The 2016 U.S. presidential election was contentious and polarizing. For the first time, a woman was the presidential candidate of a major political party. Nearly $2.4 billion was raised for the two major party presidential campaigns. Americans voted with their wallets by contributing to the campaigns, or to associated Super PACs and political parties – and then they voted by ballot on November 8, 2016.
As election results were tallied and announced, some nonprofit organizations and causes began to report substantial fundraising increases. The popular media began to refer to “rage giving” – the concept of donors giving to charity in response to election results, often to causes that had been debated during the campaign such as minority rights, reproductive rights, and climate change.
This study aims to provide insights on donations during the unique time period around the 2016 U.S. presidential election, using gift data from an online donation platform. Did giving to charitable organizations increase after the election? What causes benefited from post-election philanthropy? This study also seeks to understand whether there were gender differences in giving around the 2016 U.S. presidential election.
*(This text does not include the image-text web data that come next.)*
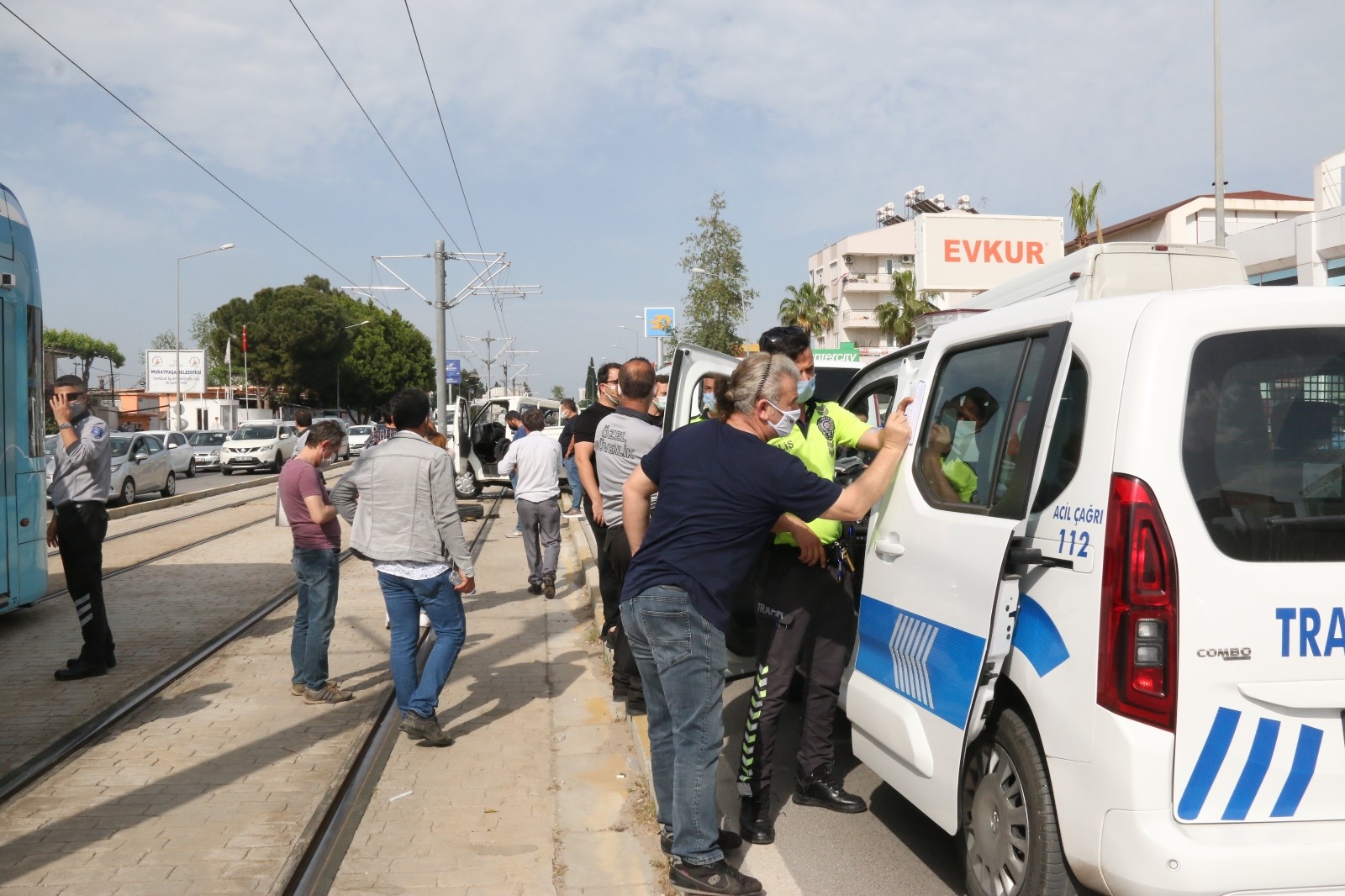 2 saat önce satın alınan kamyonet karşı şeride geçip iki araca çarptı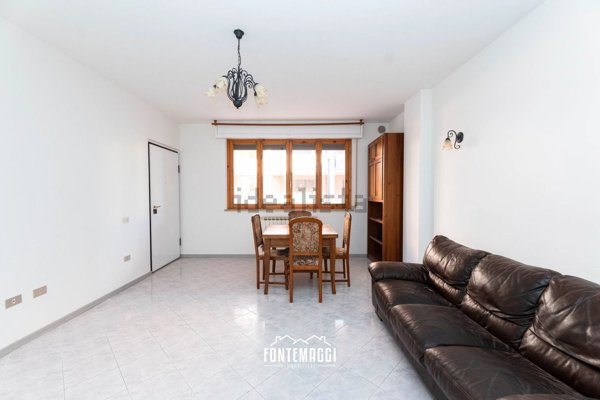 appartamento in vendita a Cartoceto in zona Lucrezia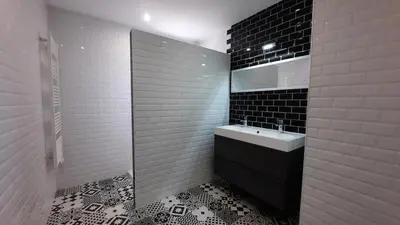 Salle de bains dans l'établissement Pavillon individuel plain-pied avec terrasse et parking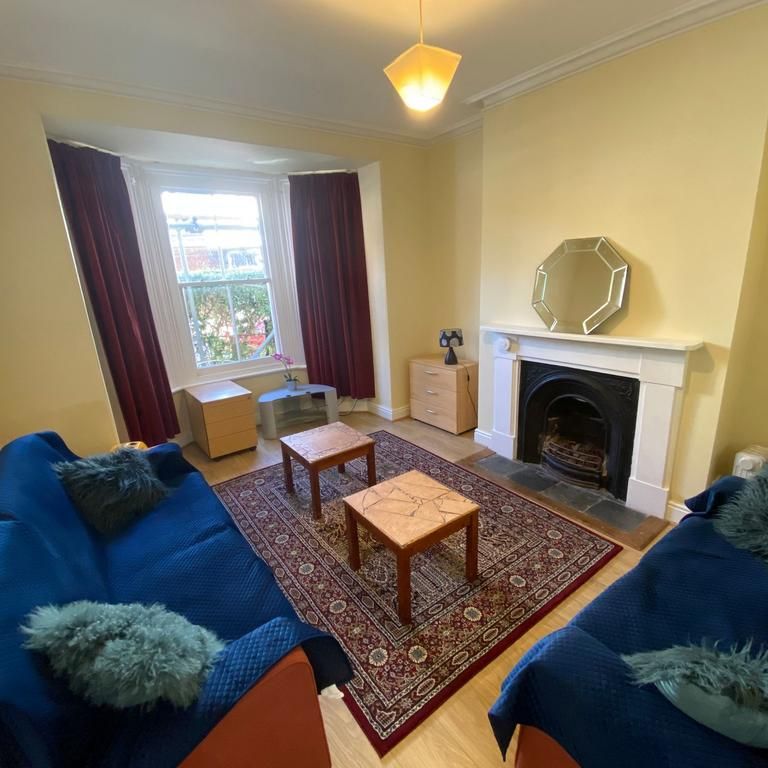 5 bedroom end of terrace house to rent - Photo 1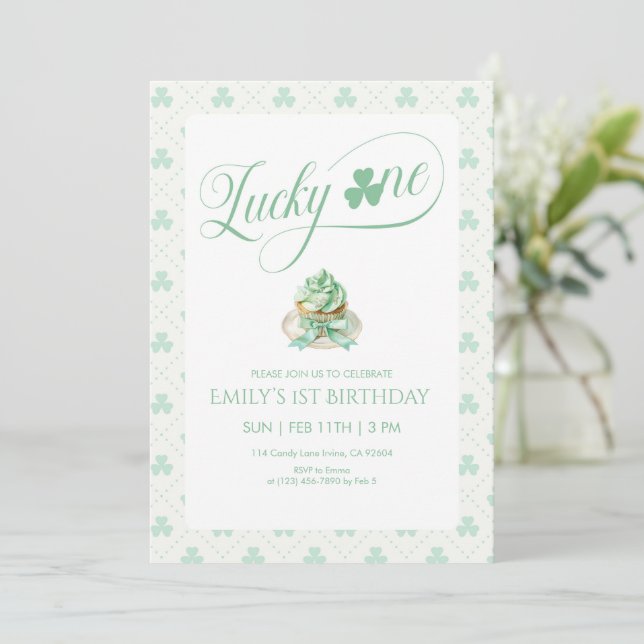 Lucky One Cupcake First Birthday Inbjudningar (Stående Fram)
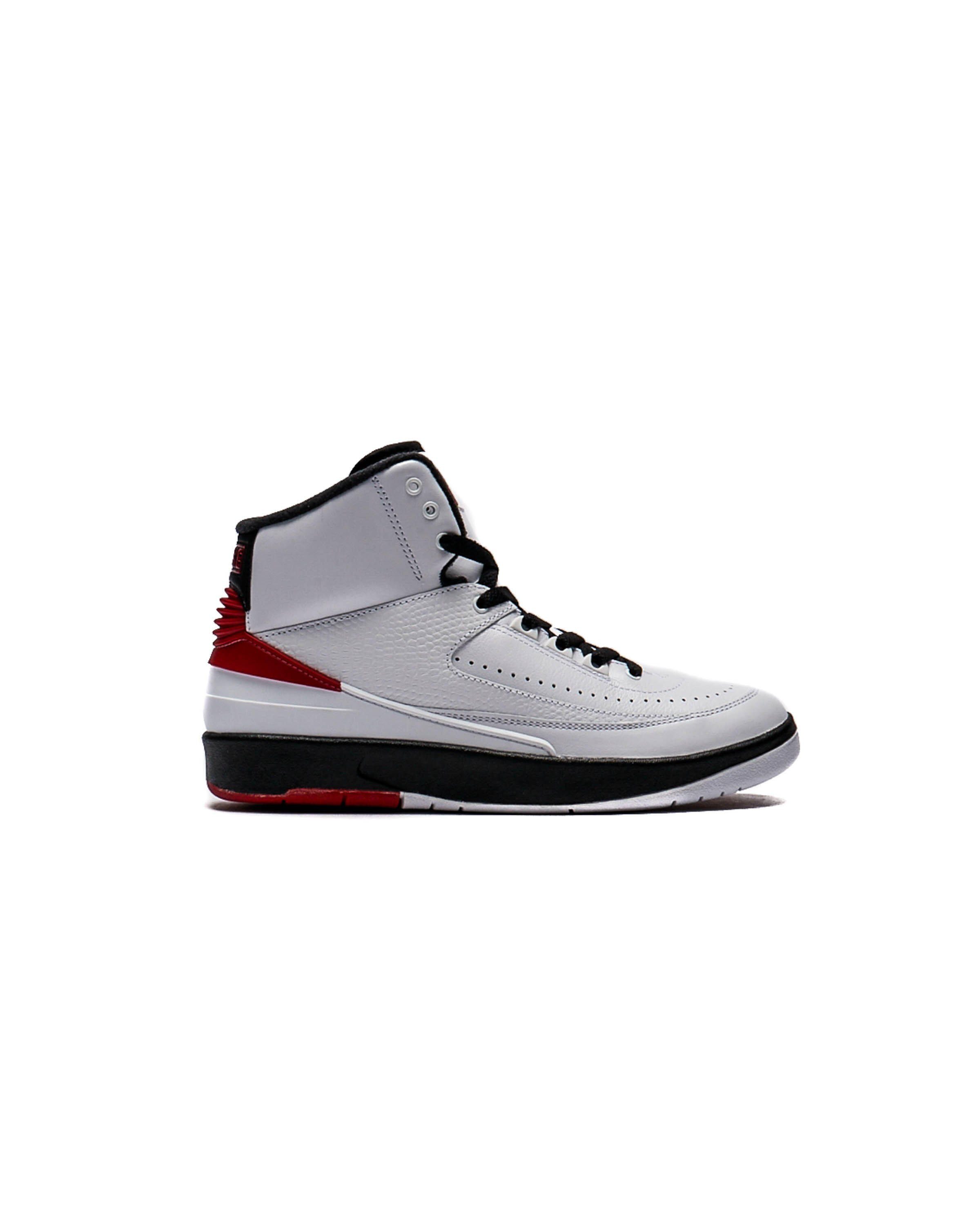 Sneaker Nike Air Jordan 2 Retro OG Chicago White Black Varsity Red Sneaker limitierte Auflage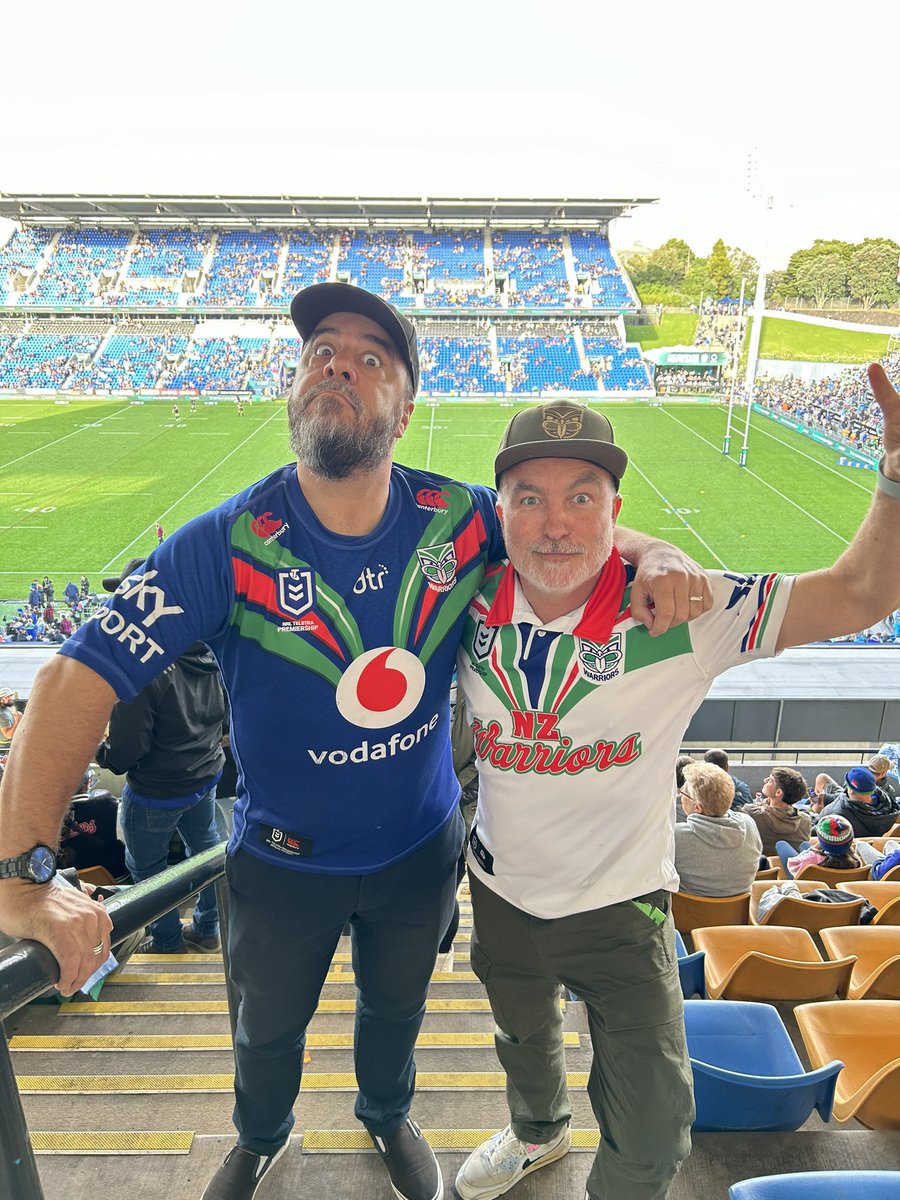 Up The Wahs New Zealand! @NZWarriors Vs Sea Eagles live from Go Hard Stadium! Join Dai Henwood & @benhurleycom live on @skysportnz 9 right now! Brought to you by FourN’ Twenty!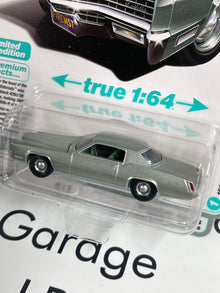 AUTO WORLD 1967 Cadillac Eldorado Firemist Poly 1:64 Diecast Luxury Cruisers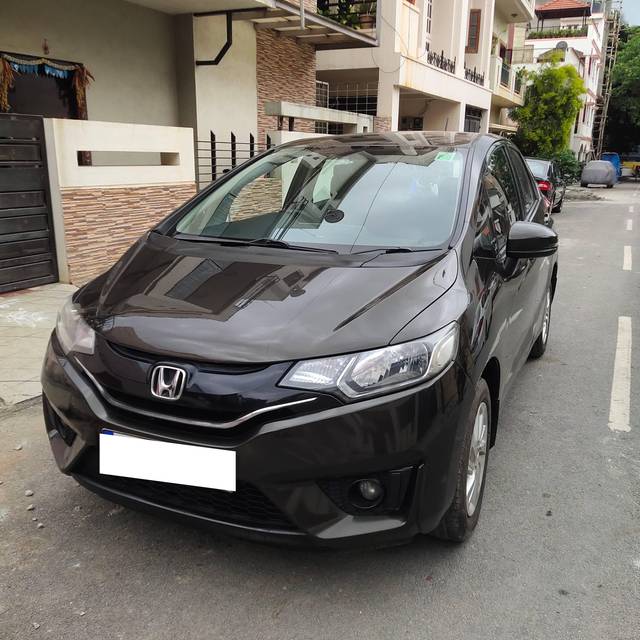https://images10.gaadi.com/usedcar_image/4602955/original/processed_f3a99b457a037bb4585f0449eeb4e739.jpg?imwidth=6400
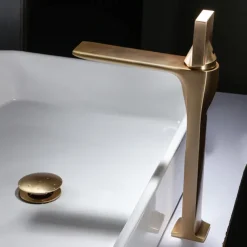 Bathroom Sink Faucet - Classic Electroplated Centerset Single Handle One HoleBath Taps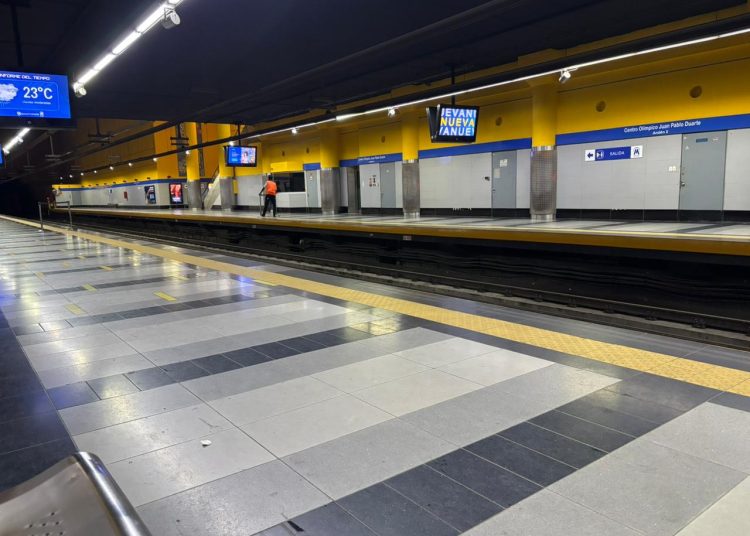 Estaciones del Metro lucen desoladas ante el paso de la tormenta tropical Melissa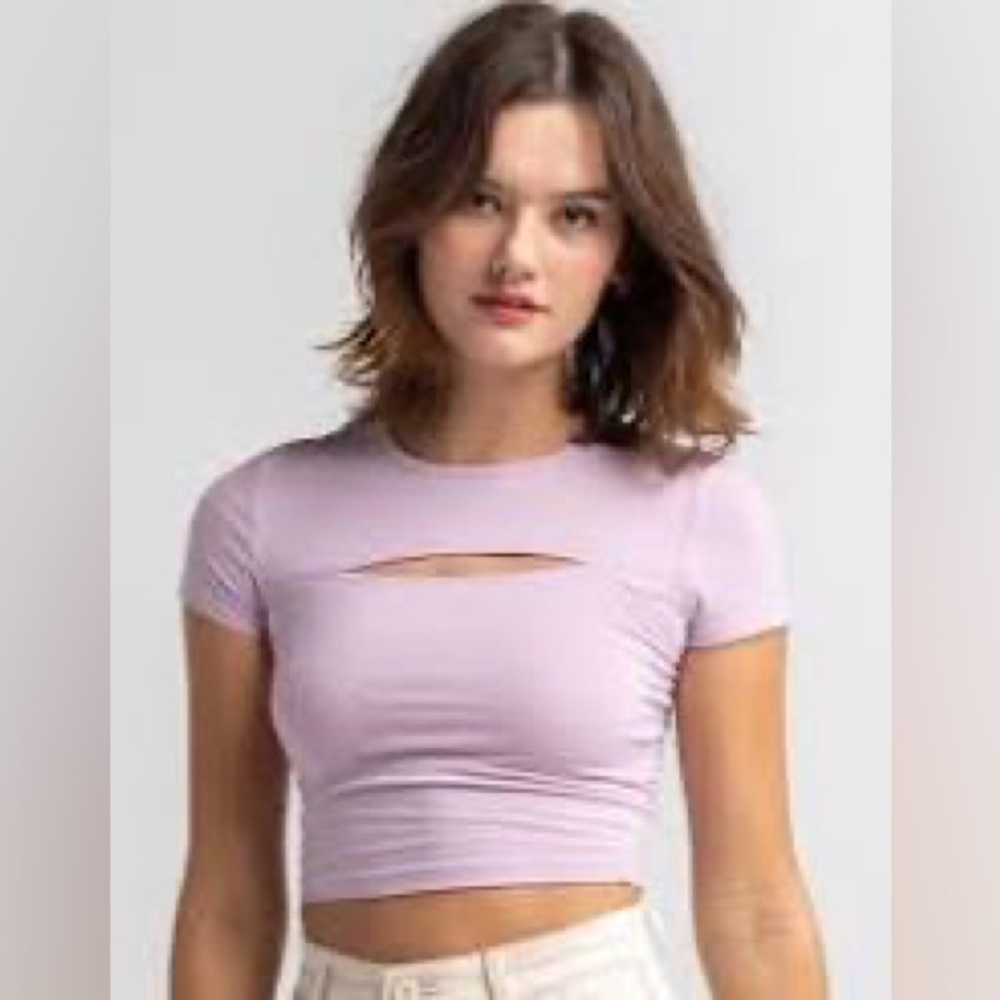 Tillys, lilac cropped tee with front cutout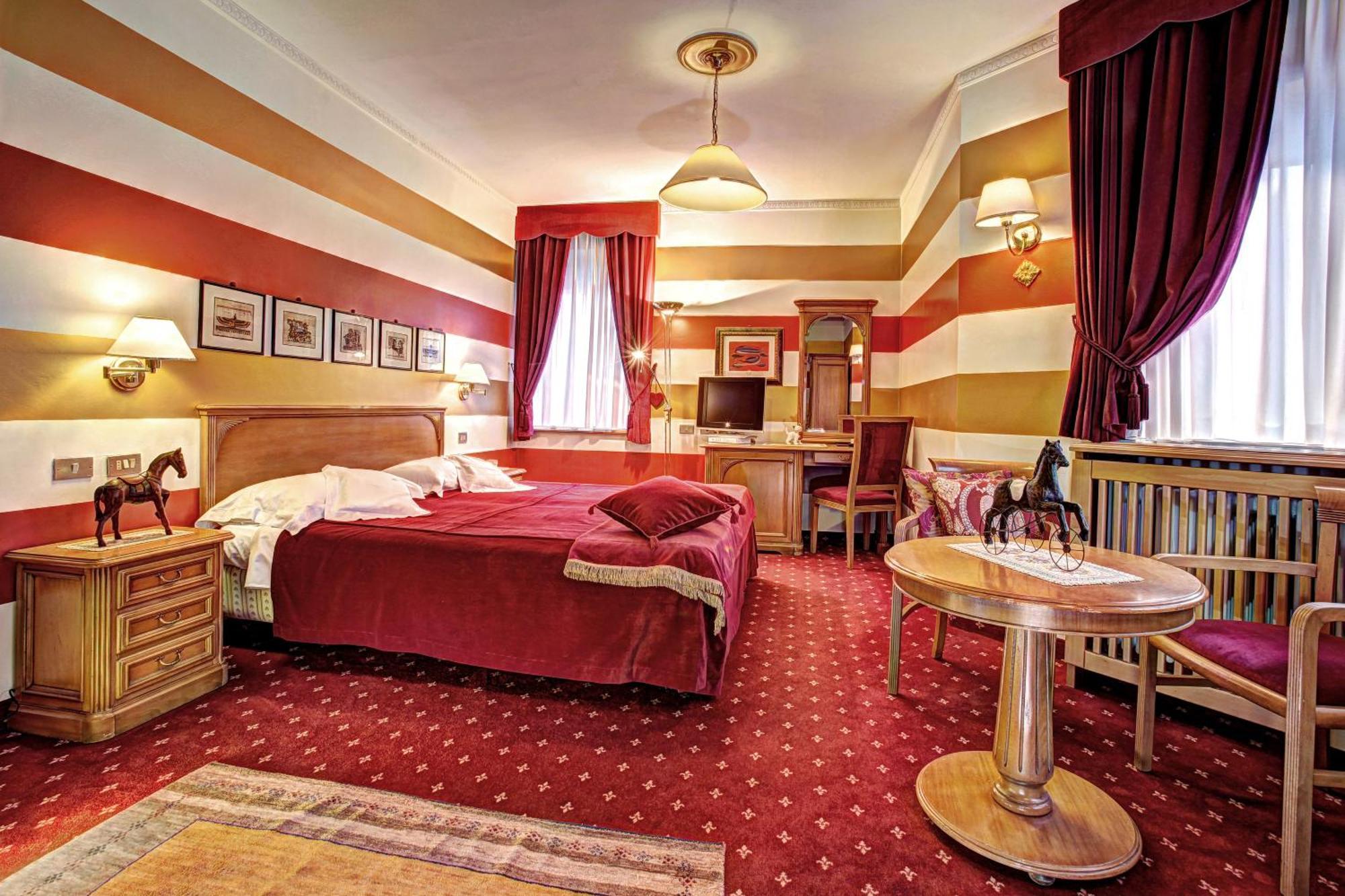 Hotel Regina San Martino Di Castrozza Esterno foto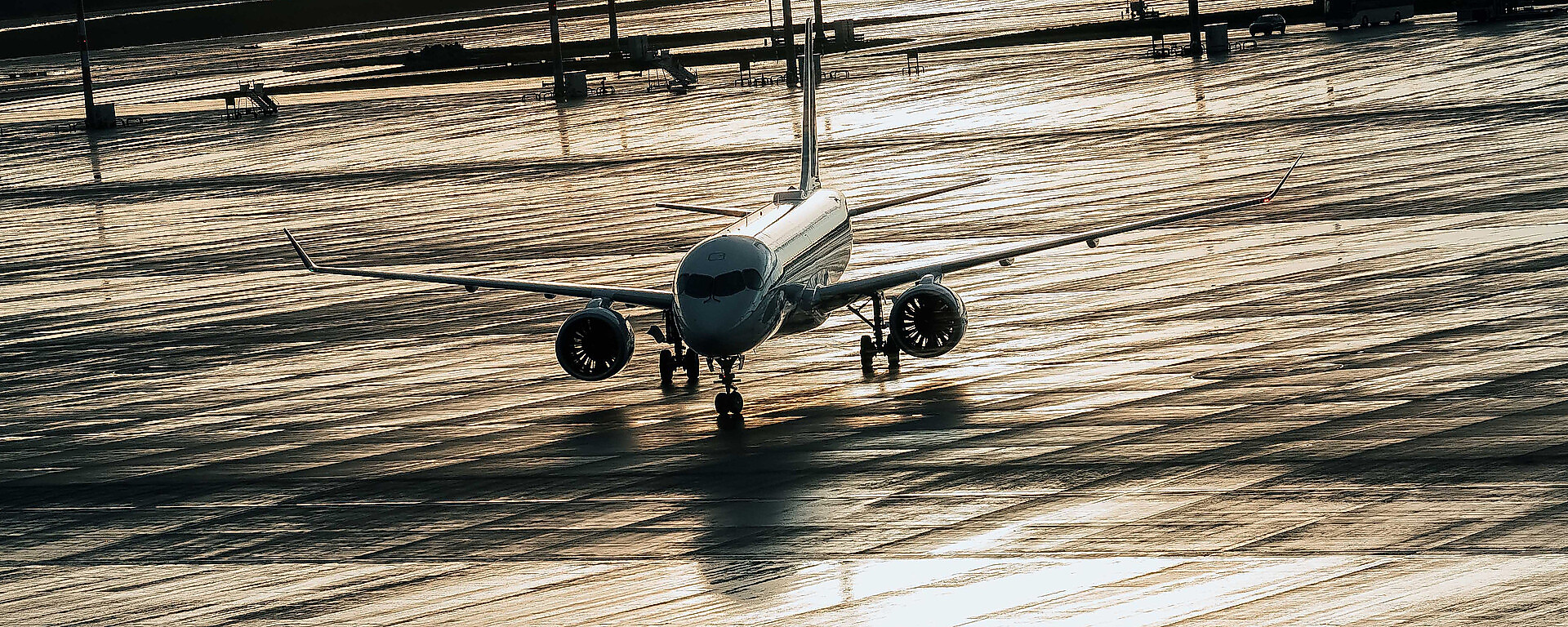 Ein Flugzeug am Flughafen.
More than a decade of research from the Women’s Philanthropy Institute has confirmed that women and men exhibit different patterns of giving and are motivated to give by different factors.
Here are the key findings:
- Charitable giving was lower than expected immediately following the 2016 election.
- Lower charitable giving after the 2016 election was concentrated among men; women’s giving did not experience the same election effect.
- Charitable giving after the 2016 election increased significantly for relevant progressive charities.
- The increase in charitable giving to relevant progressive charities after the 2016 election was driven primarily by women donors.